Extracted material.
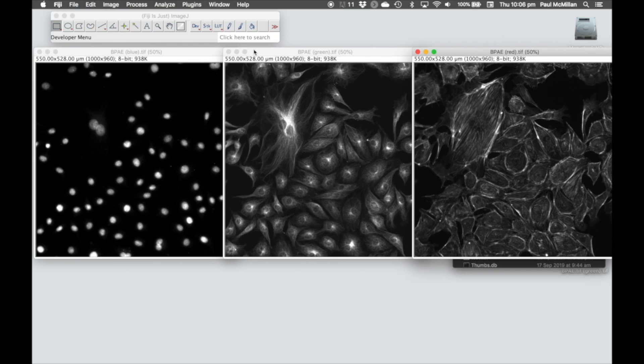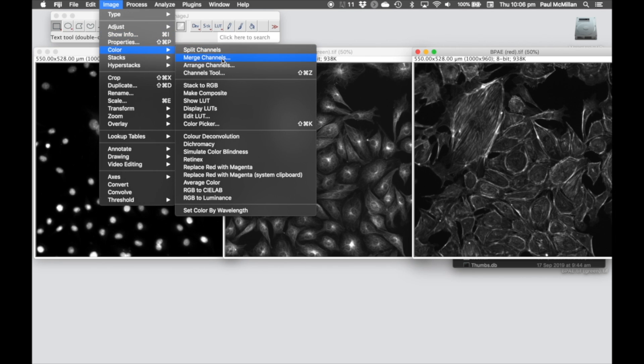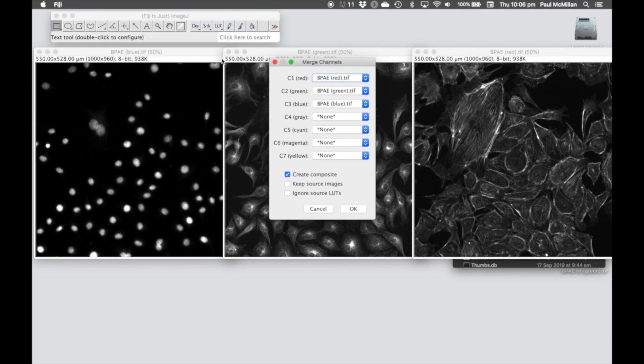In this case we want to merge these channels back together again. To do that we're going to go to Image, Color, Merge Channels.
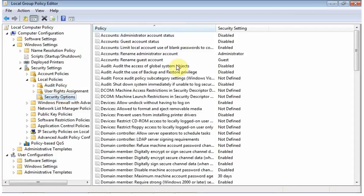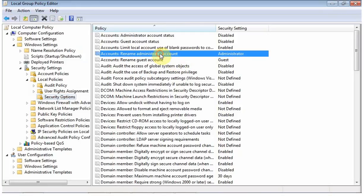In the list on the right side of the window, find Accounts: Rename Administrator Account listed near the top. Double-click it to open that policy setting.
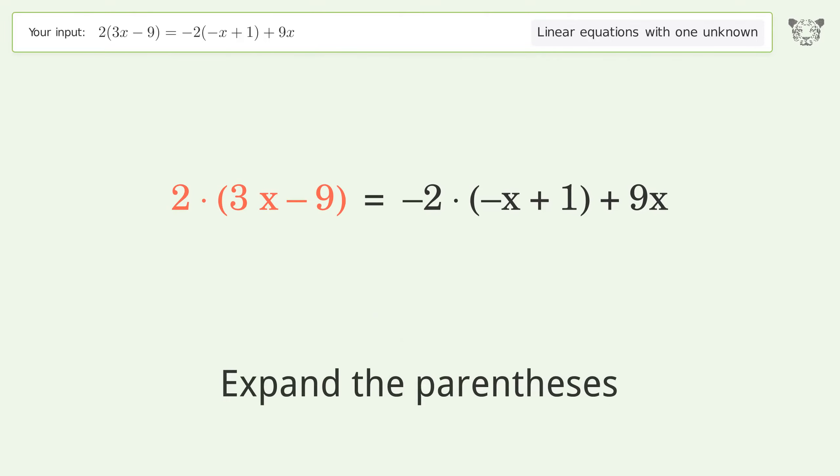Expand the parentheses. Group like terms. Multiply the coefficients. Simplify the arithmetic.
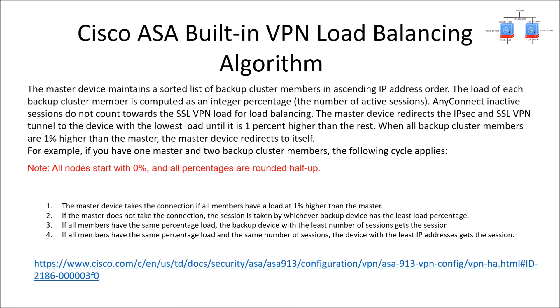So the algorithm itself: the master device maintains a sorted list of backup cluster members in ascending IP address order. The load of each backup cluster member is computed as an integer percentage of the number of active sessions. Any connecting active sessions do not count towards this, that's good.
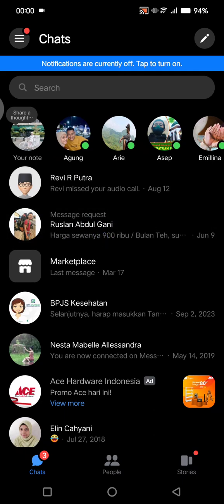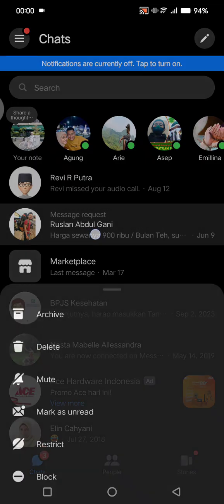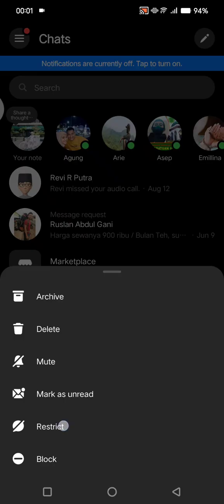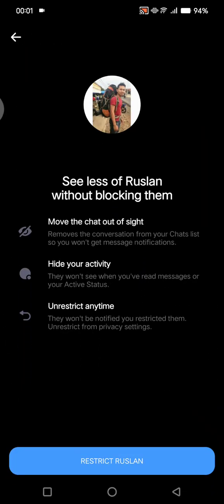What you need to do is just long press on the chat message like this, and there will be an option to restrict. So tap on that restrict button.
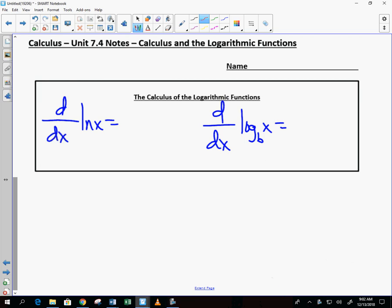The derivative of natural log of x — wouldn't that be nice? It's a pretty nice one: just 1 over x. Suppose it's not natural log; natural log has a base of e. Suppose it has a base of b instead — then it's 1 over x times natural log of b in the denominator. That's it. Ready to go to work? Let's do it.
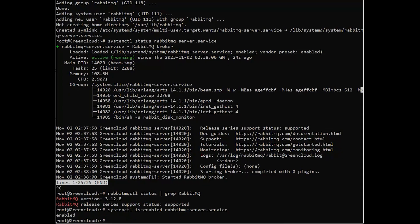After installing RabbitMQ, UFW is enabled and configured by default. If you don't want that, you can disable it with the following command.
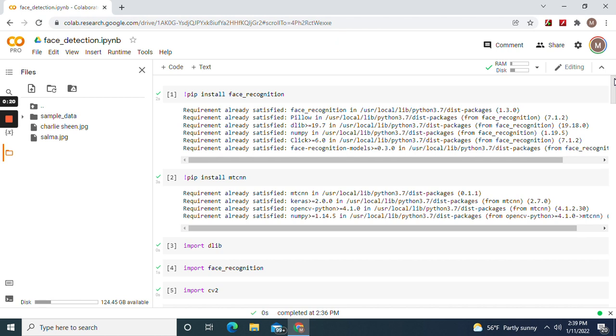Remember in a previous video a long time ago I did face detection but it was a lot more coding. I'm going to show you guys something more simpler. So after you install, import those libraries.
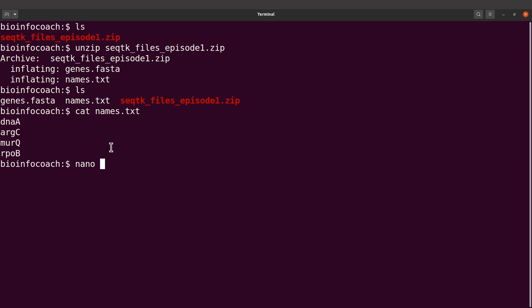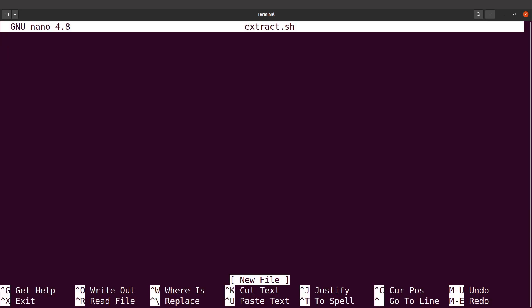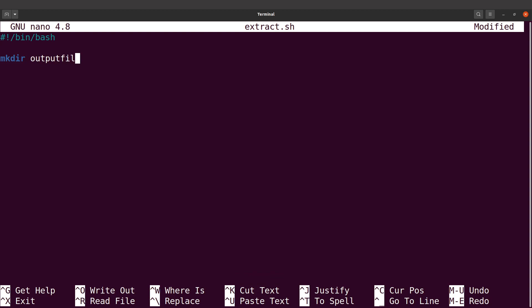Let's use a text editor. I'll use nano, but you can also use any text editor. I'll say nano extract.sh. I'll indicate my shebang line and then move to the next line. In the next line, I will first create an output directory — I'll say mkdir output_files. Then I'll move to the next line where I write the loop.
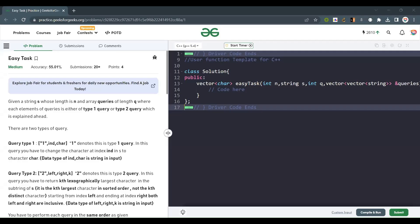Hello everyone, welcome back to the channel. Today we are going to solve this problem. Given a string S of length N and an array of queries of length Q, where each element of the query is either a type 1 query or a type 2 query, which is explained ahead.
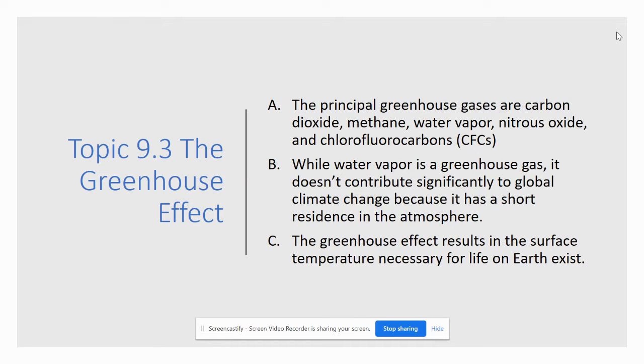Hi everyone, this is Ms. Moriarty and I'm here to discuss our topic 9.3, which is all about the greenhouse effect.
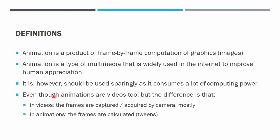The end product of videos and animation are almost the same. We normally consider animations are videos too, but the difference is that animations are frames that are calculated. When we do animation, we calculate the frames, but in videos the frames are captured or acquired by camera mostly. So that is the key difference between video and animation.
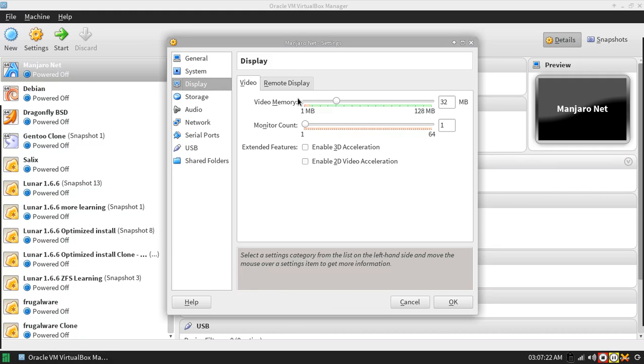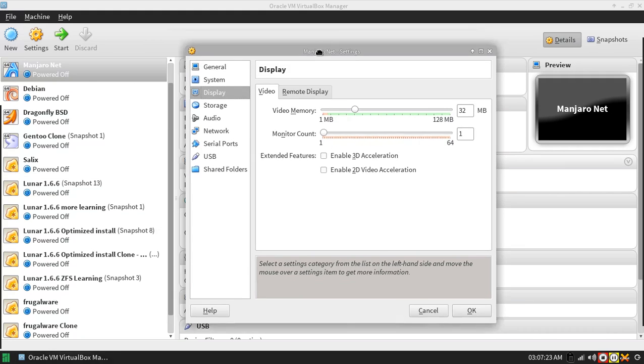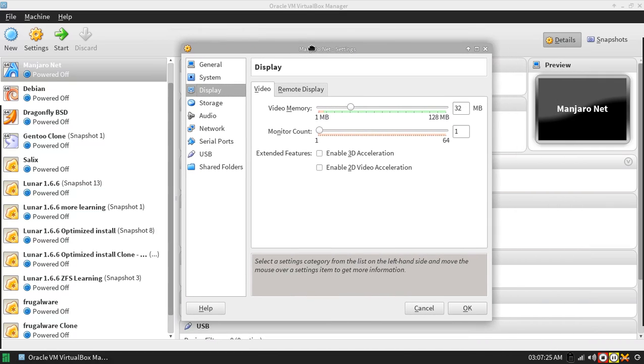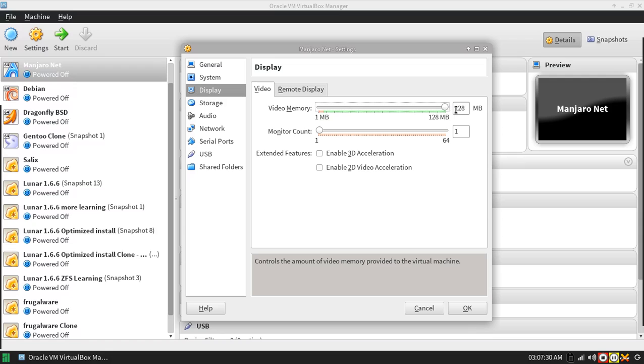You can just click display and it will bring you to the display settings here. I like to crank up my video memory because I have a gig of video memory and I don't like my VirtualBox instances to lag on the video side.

Brief. Leaving out every picture, copy exactly the lines from the one that contains "Hi everyone, this" through the end of the entries above.

Final answer.
Hi everyone, this is Ms. Moriarty and I'm here to discuss our topic 9.3, which is all about the greenhouse effect.
The end product of videos and animation are almost the same. We normally consider animations are videos too, but the difference is that animations are frames that are calculated. When we do animation, we calculate the frames, but in videos the frames are captured or acquired by camera mostly. So that is the key difference between video and animation.
You can just click display and it will bring you to the display settings here. I like to crank up my video memory because I have a gig of video memory and I don't like my VirtualBox instances to lag on the video side.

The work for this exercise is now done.